La cosa che mi ha sempre meravigliato quando mi è capitato di parlare del ’68 con i vecchi (ormai letteralmente) compagni è che ognuno di noi aveva ricordi completamente diversi, quasi che ognuno avesse vissuto un proprio ’68, a seconda delle esperienze politiche e culturali di provenienza, delle attese che aveva, delle proprie, personalissime, istanze di liberazione. In parte questo effetto è stato determinato dal fatto che nell'occupazione di Lettere non c’erano state né una chiara leadership né una linea politica vincente che potesse imporre una lettura unitaria degli eventi e questo è stato un bene perché ha permesso di mescolare culture e ha liberato lo spirito di iniziativa dei singoli, anche se, forse, ha indebolito il movimento. Raccogliere le tante e sfaccettate memorie diviene così condizione imprescindibile per ricostruire, almeno in parte, il mosaico.
Dato per scontato che i documenti raccolti nel libro bianco rappresentano la base di ogni ricostruzione, qui mi limito ad aggiungere alcuni fatti che lì non sono citati:

  • 1. Ovviamente l’occupazione non nasce dal nulla. E’ già stata ricordata l’occupazione dell’anno precedente in difesa del tribuno (ma non ne ho memoria perché io allora ero a Torino e, a dire la verità, è cosa che mi ha lasciato sempre molto perplessa – ma naturalmente i movimenti nascono dalle cose più strane). Successivamente per un anno a Lettere si è lavorato molto in vista dell’occupazione, discutendo della validità delle rappresentanze, della vetustà delle strutture e della didattica universitaria ecc. e anche diffondendo le voci critiche di cui si aveva sentore.

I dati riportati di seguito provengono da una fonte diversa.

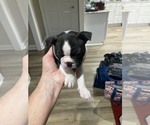 Small Photo #5 Boston Terrier Puppy For Sale in SELMA, NC, USA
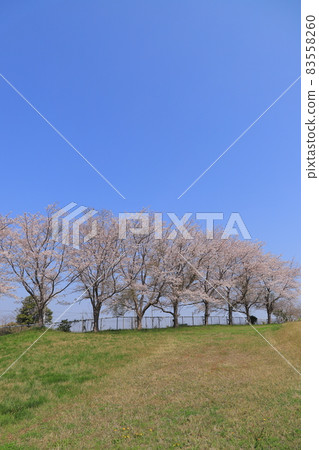 Cherry blossoms blooming in the field Cherry blossoms blooming in the field 83558260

  • 2. All’assemblea che doveva decidere l’occupazione erano stati invitati anche esponenti di altre università in lotta, fra cui Masssimo Cacciari. Non sembri strano: la situazione di isolamento e il provincialismo del movimento a Trieste richiedevano di aprire il più possibile alle altre esperienze.

  • 3. Oltre ai terribilmente seri controcorsi si sono fatti anche dei gruppi molto più liberi, come un gruppo teatrale che ha anche prodotto uno spettaccolino. Soprattutto, però, si è sperimentato un vissuto completamente nuovo: fuori dalle gabbie, per la prima volta eravamo padroni di noi stessi e dovevamo inventarci una nuova cultura, nuove strutture universitarie, ma anche una nuova espressione della nostra corporeità e della nostra socialità. E’ da questo vissuto, credo, che si sprigiona la valenza sovversiva del ’68.

  • 4. In marzo una piccola delegazione ha partecipato a Milano al primo (?) convegno delle facoltà occupate. Ne abbiamo capito poco, anche perché iniziavano le diatribe tra gruppi organizzati e non possedevamo gli elementi concettuali per orientarci.

  • 5. Finita l’occupazione non era finita l’agitazione. Ci sono stati alcuni cortei interni. Si entrava nelle aule durante le lezioni (prevalentemente dei professori ostili, ma non solo), chiedendo a loro e agli studenti di mettere in discussione il tipo di insegnamento cattedrattico, la validità culturale del corso ecc. Per un certo numero di esami si è ottenuto di fare l’esame di gruppo con il 30 garantito. Si è comunque trattato di episodi, che non hanno coinvolto l’intera facoltà, a testimonianza, ancora, dell’intrinseca debolezza del movimento.

  • 6. In giugno, in occasione dello sciopero generale per il S. Marco, abbiamo rioccupato la facoltà per un giorno e una notte per preparare la partecipazione degli studenti allo sciopero, fare striscioni, volantini ecc. La giustificazione era che la Facoltà era nostra e ce la prendevamo tutte le volte che ci serviva.

  • 7. Nel ’68 – ’69 si era anche formato, a partire dalla Facoltà, un Comitato operai – studenti (con una quindicina di studenti) che interveniva al Cantiere di Monfalcone.

  • 8. Ci sono state altre due brevi occupazioni, nel ’69 e nel ’70, ma si sono trascinate piuttosto stancamente. Ad un’assemblea dell’occupazione del ’69 è stato invitato anche Franco Basaglia, che è stato capito parzialmente, ma che ci ha senz’altro aperto nuovi orizzonti.